The basic features of the regime proposed by the FCA for all authorised firms are the same as those already in place under the existing SMCR. The FCA describes this as the "core regime". The proposals for the "core regime" are summarised below:
- To put in place a new Code of Conduct applying to directors, officers and employees at all levels of authorised businesses. Senior Managers will be subject to certain additional requirements under the new Code, for example the requirement to take "reasonable steps" to ensure that the part of the business for which they are responsible is controlled effectively.
- For senior management, the FCA will define Senior Management Functions (SMFs) to replace the existing Controlled Functions under the Approved Persons Regime. Each SMF holder will be allocated one or more of the FCA "prescribed responsibilities" by the firm. Their responsibilities will be set out clearly in a Statement of Responsibility. SMF holders will be pre-approved by the FCA to hold a particular SMF and discharge particular "prescribed responsibilities".
- Other employees, whose duties mean that they pose a risk of "significant harm" to the firm or its clients, will need to be certified as "fit and proper" by the firm and will not be pre-approved by the FCA.
- Employees who are neither Senior Managers nor certified by the firm will (unless ancillary to the business) be brought within the regulatory regime for the first time and required to adhere to the Code of Conduct.

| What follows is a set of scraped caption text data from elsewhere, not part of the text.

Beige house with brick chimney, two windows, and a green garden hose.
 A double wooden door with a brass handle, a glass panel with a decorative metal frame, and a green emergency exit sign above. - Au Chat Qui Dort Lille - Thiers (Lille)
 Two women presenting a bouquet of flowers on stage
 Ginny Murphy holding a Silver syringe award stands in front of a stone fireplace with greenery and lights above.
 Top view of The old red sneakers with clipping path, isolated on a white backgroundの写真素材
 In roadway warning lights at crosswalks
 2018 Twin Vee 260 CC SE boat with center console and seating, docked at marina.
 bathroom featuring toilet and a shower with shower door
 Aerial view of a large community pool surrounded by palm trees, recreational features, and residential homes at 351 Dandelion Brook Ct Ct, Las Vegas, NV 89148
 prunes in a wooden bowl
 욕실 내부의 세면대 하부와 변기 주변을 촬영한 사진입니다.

Importantly there is recognition in the FCA's consultation that many small firms will fall within the scope of SMCR and that it would not be sensible to impose the same requirements (with associated administrative burden) on them as larger firms. Therefore, the FCA proposes that, where a firm meets certain size requirements, it will be subjected to an "enhanced regime" in addition to the requirements of the "core regime" summarised above. The FCA proposes that the "enhanced regime" will be triggered, for example, if the firm has over £50bn assets under management or is a CASS large firm. The FCA estimates that around 350 firms will be subject to the "enhanced regime". The FCA proposes that those firms subject to the "enhanced regime" will have the following additional requirements:
- Additional SMF's for Senior Managers, such as the Chief Operations Function. Additionally, such firms will have to ensure that there is a Senior Manager with overall responsibility for every area, business activity and management function of the firm. This may include creating an Other Overall Responsibility Function (the equivalent of SMF18 under the existing SMCR) where appropriate.
- Additional "prescribed responsibilities" to allocate between the SMFs. For example, a responsibility of safeguarding and overseeing the independence and performance of the risk function and the compliance function.
- The requirement to submit Responsibilities Maps to the FCA, setting out how the various Senior Managers and their responsibilities interact.
- The requirement to put in place systems and controls in relation to hand-overs between Senior Managers.
Those readers familiar with the existing SMCR will note that the "enhanced regime" is a step closer towards it than the "core regime" is.
The consultation closes on 3 November 2017, with implementation expected at some point in 2018.
If adopted, these changes will require all firms to take significant steps prior to implementation to ensure that management structures, systems and controls and policies meet the requirements of the new regime. Recent research based on FCA data suggests that some 72,000 senior managers will be caught by the extended regime and anticipates that the administrative pressure and regulatory threat of the new regime will put a burden on smaller firms. That is plainly right, but the wider roll-out of SMCR is now inevitable. Firms not yet subject to SMCR should start to think now about how they will comply with a regime in substantially the same form as set out in this consultation.
From an enforcement point of view, the extension of the regime will almost inevitably result in further investigations against senior management. Those involved in enforcement cases may well have noticed an increase in investigations being opened. Beyond that, as readers will see from elsewhere in this issue (Symington outlines the FCA's approach to investigations), the FCA has stated that, where there are grounds to investigate a matter, there will generally be a need to investigate the role of senior management in the conduct issues that arise. The FCA has laid out its stall.